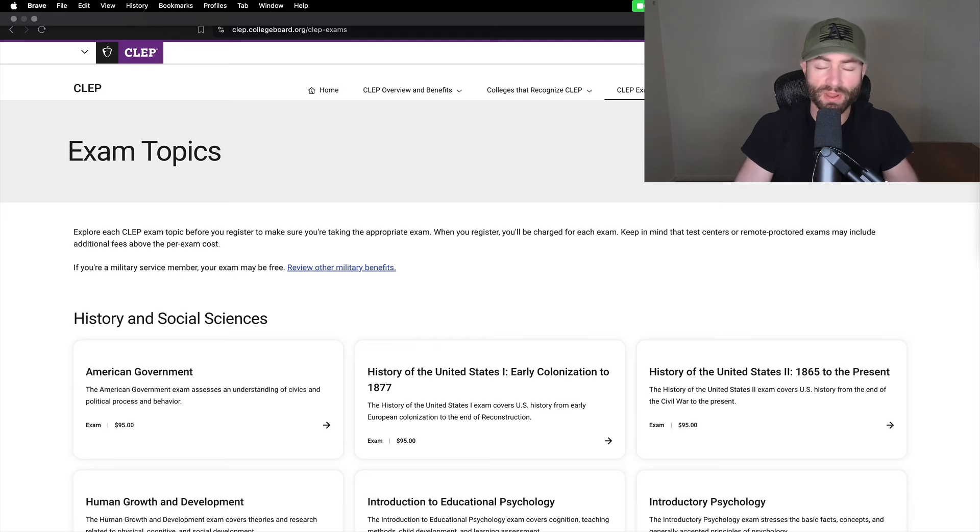In my other videos I go over ACE credits, which you can transfer into online universities such as Western Governors University and Thomas Edison State University — a public state university of New Jersey, which is where I graduated from. You can do like 90 ACE credits; these classes you can do in two, three, four days each and transfer 90 college credits within a six-month period — which is a huge college cheat code. With CLEP, you can't transfer in that many credits. These schools all have some hard caps, but some are more generous than others.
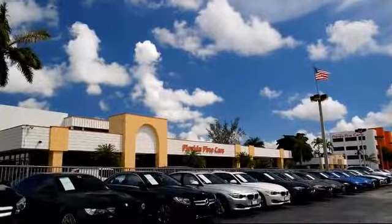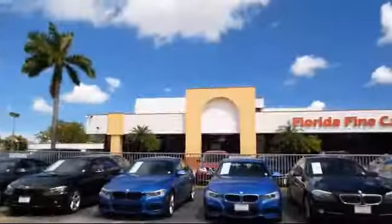Welcome to Florida Fine Cars, South Florida's premier automotive dealer, and here's a look at another one of our vehicles from our massive selection.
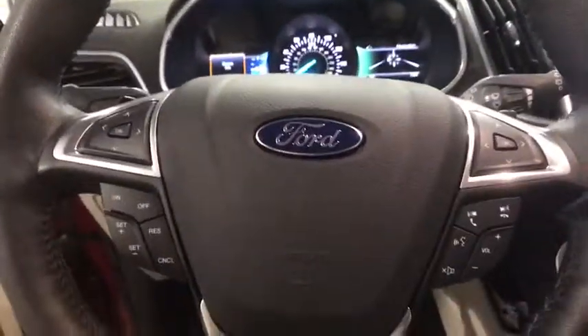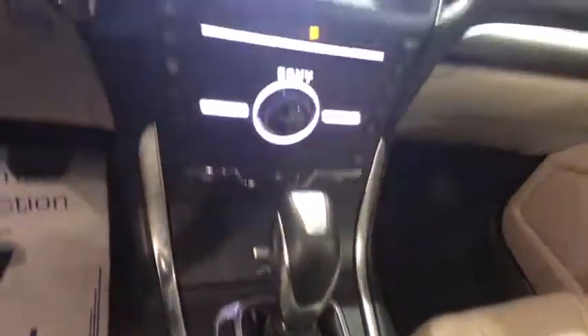Cruise control, universal garage door opener, center armrest, premium sound, compass, heated front seats, security system, trip computer.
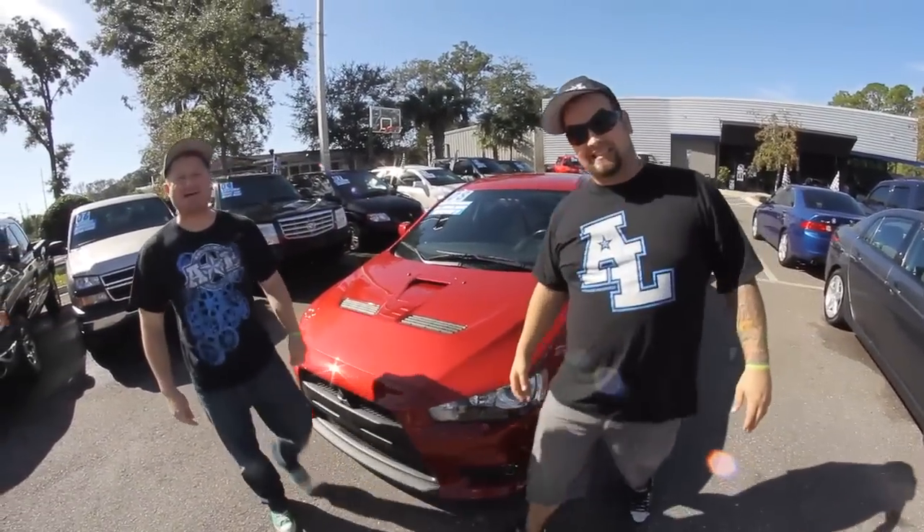This car is crazy. Awesome. Evolution. It's so crazy, we can't get the smiles off our faces. It's so fast, I think I'm stuck like this. Wicked. We love this car.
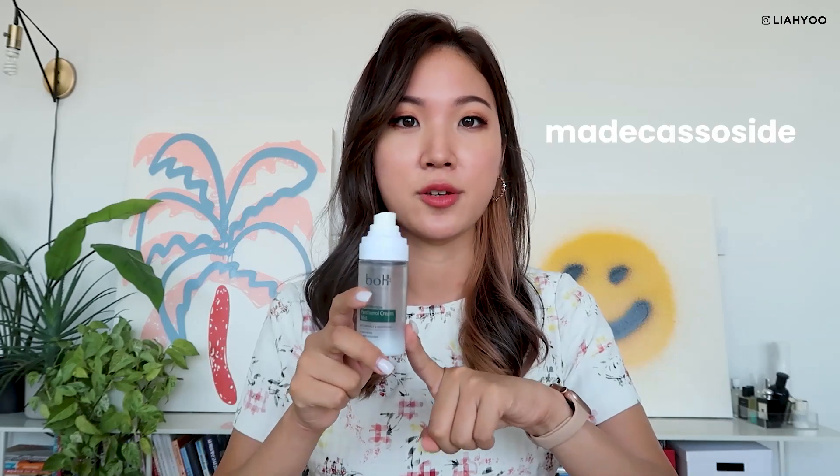This product also contains centella asiatica, so if you are a fan of Cica products, this may be your thing. I do think this is a brilliant product. The only con is that it does contain fragrance, and I'm not opposed to fragrance products at all, but the fragrance wasn't something that was pleasant to me personally. I wouldn't be repurchasing this, but if I do get it, I would gladly use it.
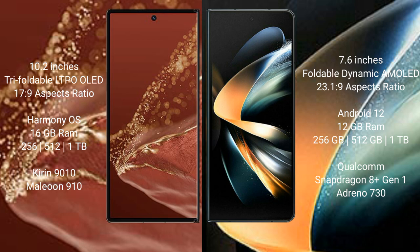512GB, or 1TB, with the QDL-9010 processor. The Samsung Galaxy Z Fold 4 offers 12GB RAM and 256GB, 512GB, or 1TB internal storage, with a Qualcomm Snapdragon 8 Gen 1 processor and Adreno 730 GPU.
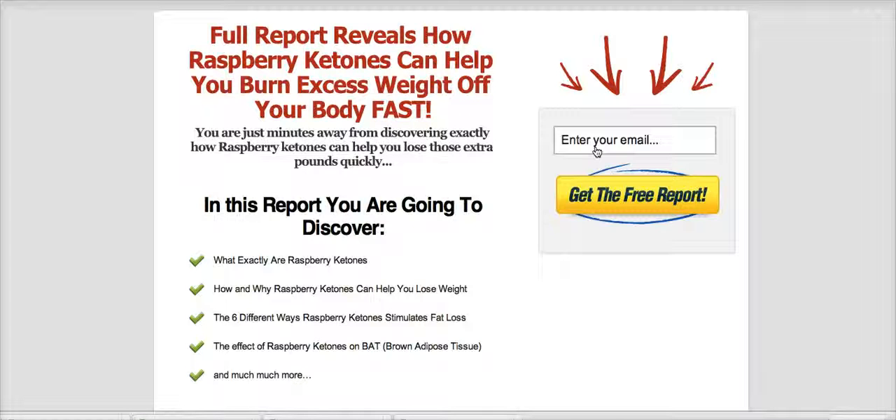We've received a ton of great feedback from all of our previous reports and we expect nothing less from this report on raspberry ketones. Just click the link below this video, enter your email on the right hand side, and we'll send this report over to you right away.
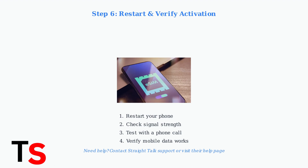If you encounter any issues during the activation process, consult Straight Talk's support page or contact their customer service for assistance. The process should be straightforward, but support is available if needed.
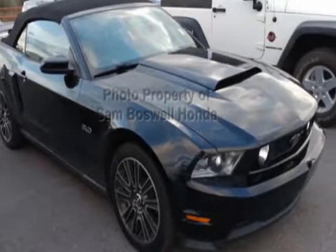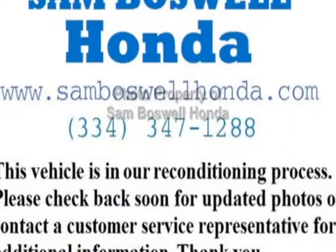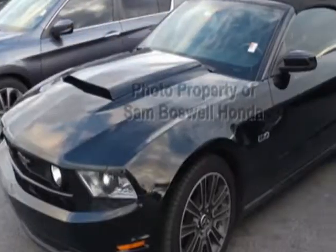Check out this 2011 Ford Mustang. This Mustang has just under 72,500 miles. This vehicle has a limited warranty.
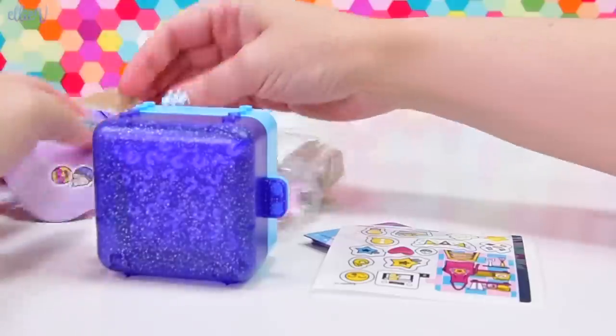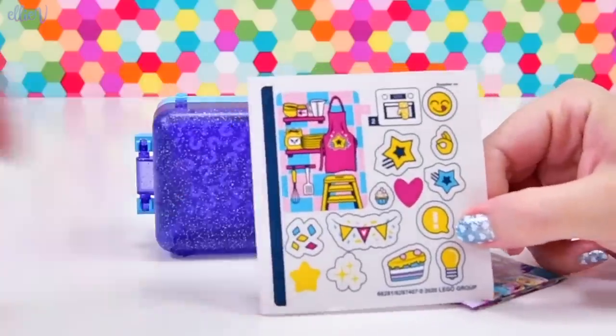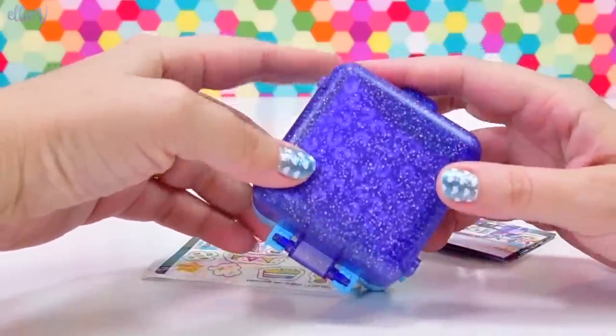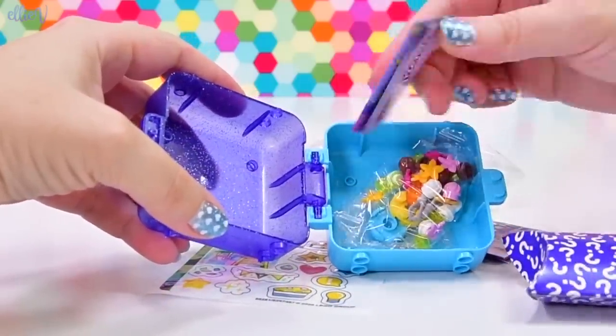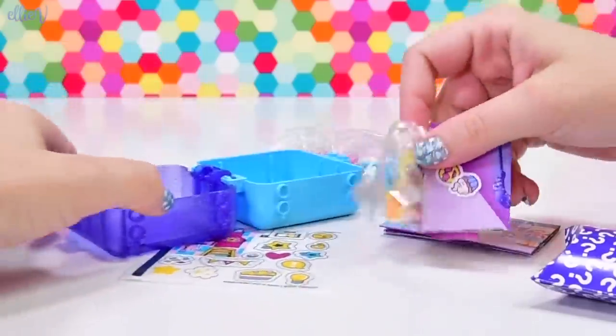So Stephanie's cube pack has got — what have we got in here? We've got some building parts, a nice big sheet of stickers. Some of these look like they might be ones that we can choose where we want to put them. And here is our cube with a glittery purple transparent piece. There's our surprise box. And the instructions are outside. We've got some more parts here.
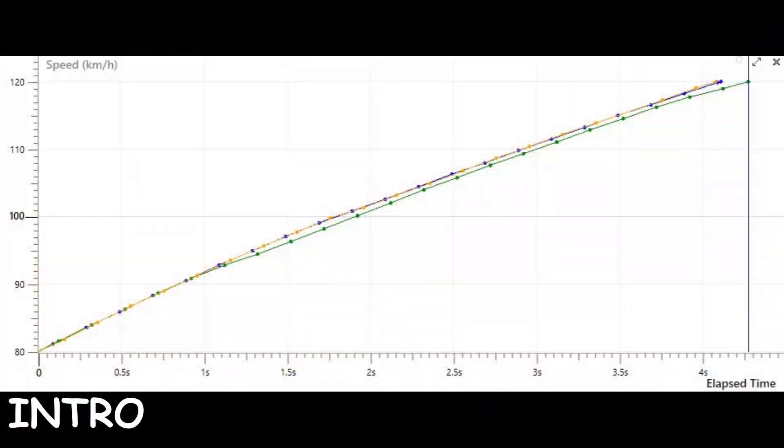Hi car friends. In this video I will show a comparison of the three modes on the ZF Sport Automatic Gearbox on the BMW F11 530D from 2011. The test is done in the interval 80 to 120 km per hour and measured with GPS performance equipment shown with graphs. So to the video.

- - - - - - -

**EXERCISE PROMPT:** Reproduce all of the records above exactly, but exclude the pictures.

**REPLY TO THE EXERCISE:**
In my other videos I go over ACE credits, which you can transfer into online universities such as Western Governors University and Thomas Edison State University — a public state university of New Jersey, which is where I graduated from. You can do like 90 ACE credits; these classes you can do in two, three, four days each and transfer 90 college credits within a six-month period — which is a huge college cheat code. With CLEP, you can't transfer in that many credits. These schools all have some hard caps, but some are more generous than others.
Welcome to Florida Fine Cars, South Florida's premier automotive dealer, and here's a look at another one of our vehicles from our massive selection.
Cruise control, universal garage door opener, center armrest, premium sound, compass, heated front seats, security system, trip computer.
This car is crazy. Awesome. Evolution. It's so crazy, we can't get the smiles off our faces. It's so fast, I think I'm stuck like this. Wicked. We love this car.
This product also contains centella asiatica, so if you are a fan of Cica products, this may be your thing. I do think this is a brilliant product. The only con is that it does contain fragrance, and I'm not opposed to fragrance products at all, but the fragrance wasn't something that was pleasant to me personally. I wouldn't be repurchasing this, but if I do get it, I would gladly use it.
512GB, or 1TB, with the QDL-9010 processor. The Samsung Galaxy Z Fold 4 offers 12GB RAM and 256GB, 512GB, or 1TB internal storage, with a Qualcomm Snapdragon 8 Gen 1 processor and Adreno 730 GPU.
We've received a ton of great feedback from all of our previous reports and we expect nothing less from this report on raspberry ketones. Just click the link below this video, enter your email on the right hand side, and we'll send this report over to you right away.
If you encounter any issues during the activation process, consult Straight Talk's support page or contact their customer service for assistance. The process should be straightforward, but support is available if needed.
Check out this 2011 Ford Mustang. This Mustang has just under 72,500 miles. This vehicle has a limited warranty.
So Stephanie's cube pack has got — what have we got in here? We've got some building parts, a nice big sheet of stickers. Some of these look like they might be ones that we can choose where we want to put them. And here is our cube with a glittery purple transparent piece. There's our surprise box. And the instructions are outside. We've got some more parts here.
Hi car friends. In this video I will show a comparison of the three modes on the ZF Sport Automatic Gearbox on the BMW F11 530D from 2011. The test is done in the interval 80 to 120 km per hour and measured with GPS performance equipment shown with graphs. So to the video.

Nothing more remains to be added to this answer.